## YOUR ASSIGNMENT
Return each line below exactly as it reads, and omit any image in it.

Excerpts from a dataset:
———

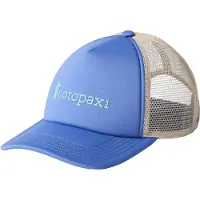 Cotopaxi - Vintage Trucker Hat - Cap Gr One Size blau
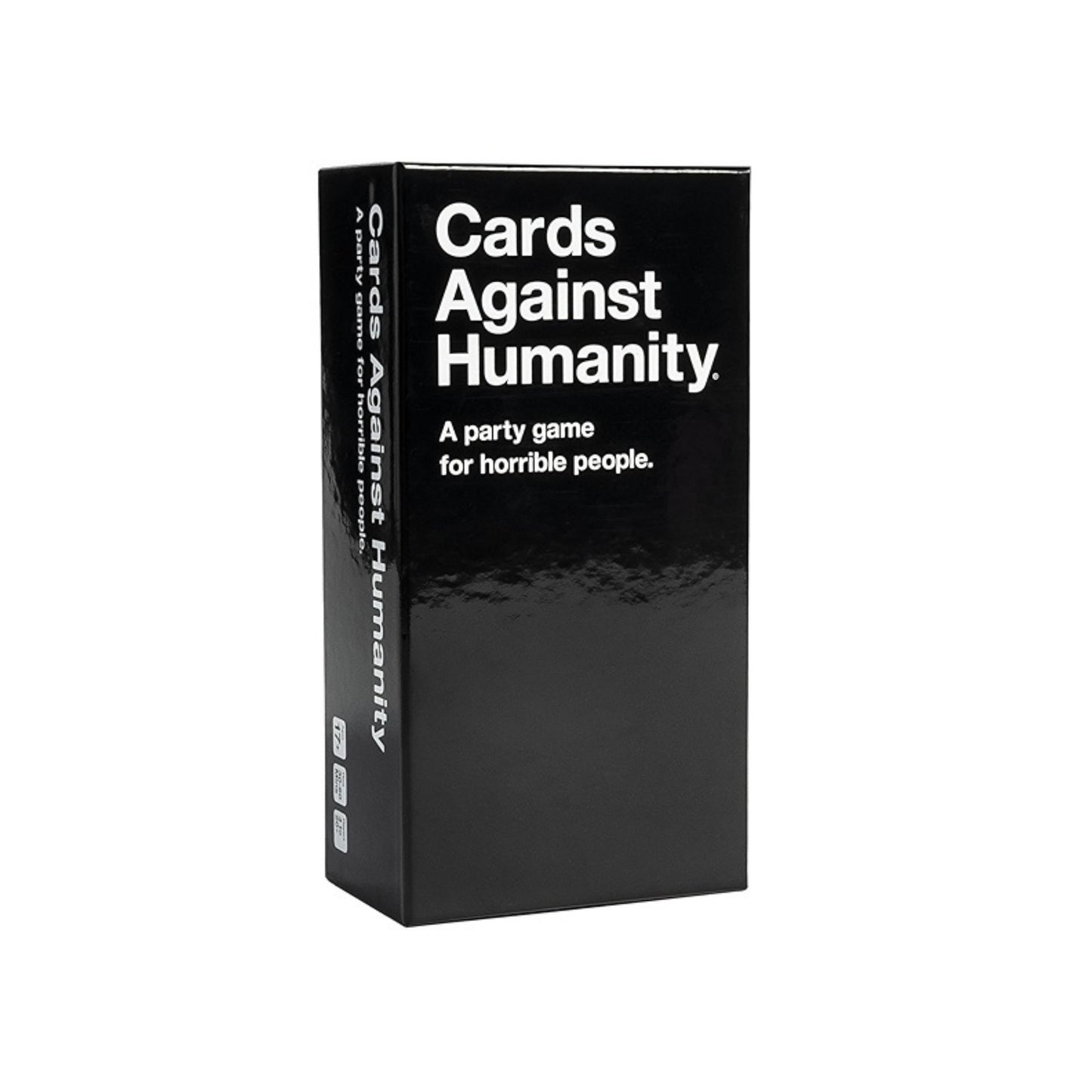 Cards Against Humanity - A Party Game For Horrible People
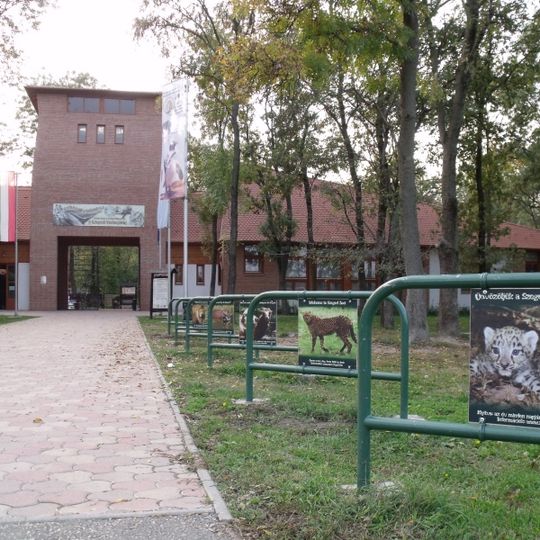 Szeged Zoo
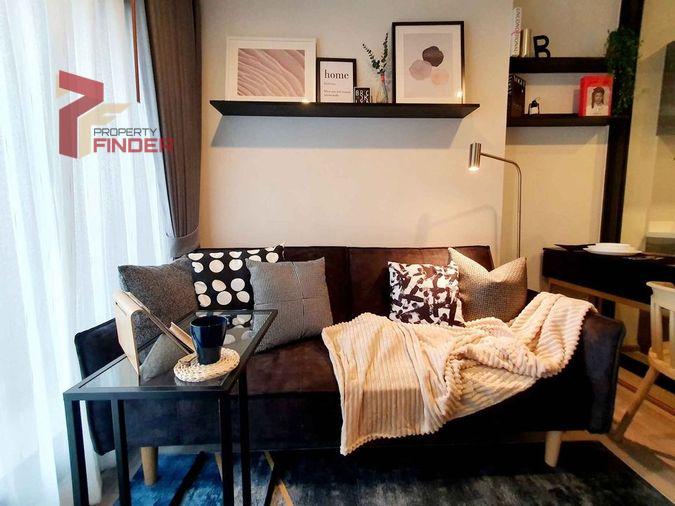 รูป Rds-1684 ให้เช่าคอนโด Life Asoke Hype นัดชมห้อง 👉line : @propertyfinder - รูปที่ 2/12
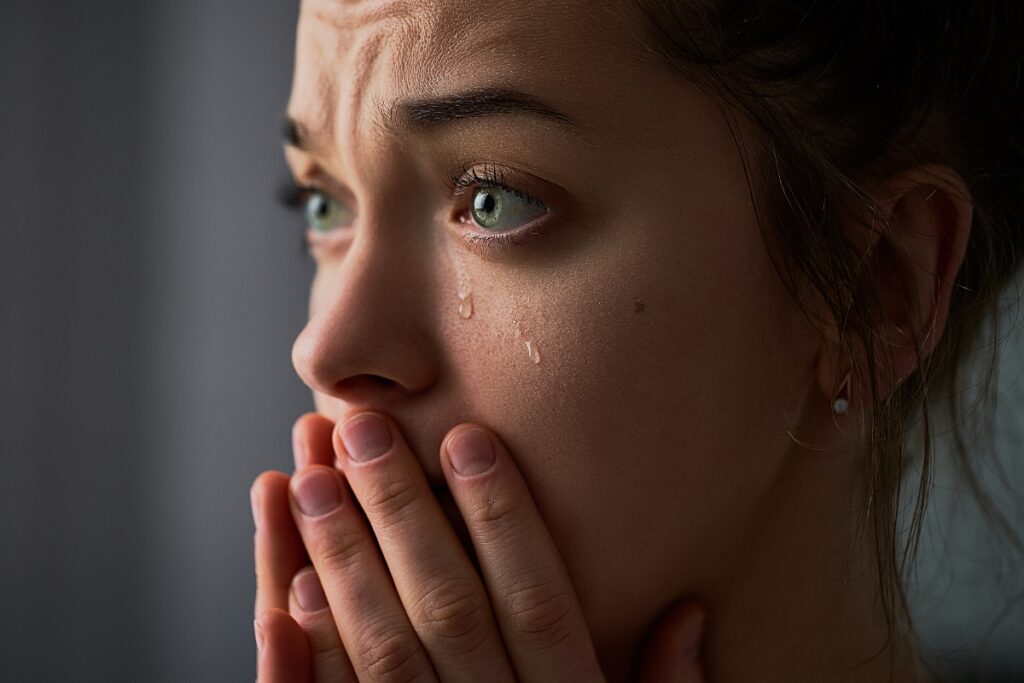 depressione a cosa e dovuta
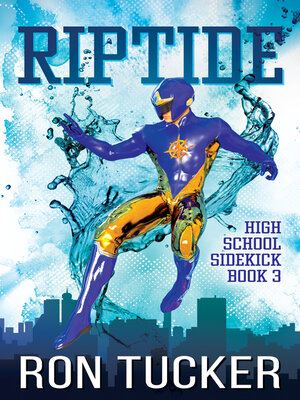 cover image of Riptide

———

## ANSWER BOX
 Cotopaxi - Vintage Trucker Hat - Cap Gr One Size blau
 Cards Against Humanity - A Party Game For Horrible People
 Szeged Zoo
 รูป Rds-1684 ให้เช่าคอนโด Life Asoke Hype นัดชมห้อง 👉line : @propertyfinder - รูปที่ 2/12
 depressione a cosa e dovuta
 cover image of Riptide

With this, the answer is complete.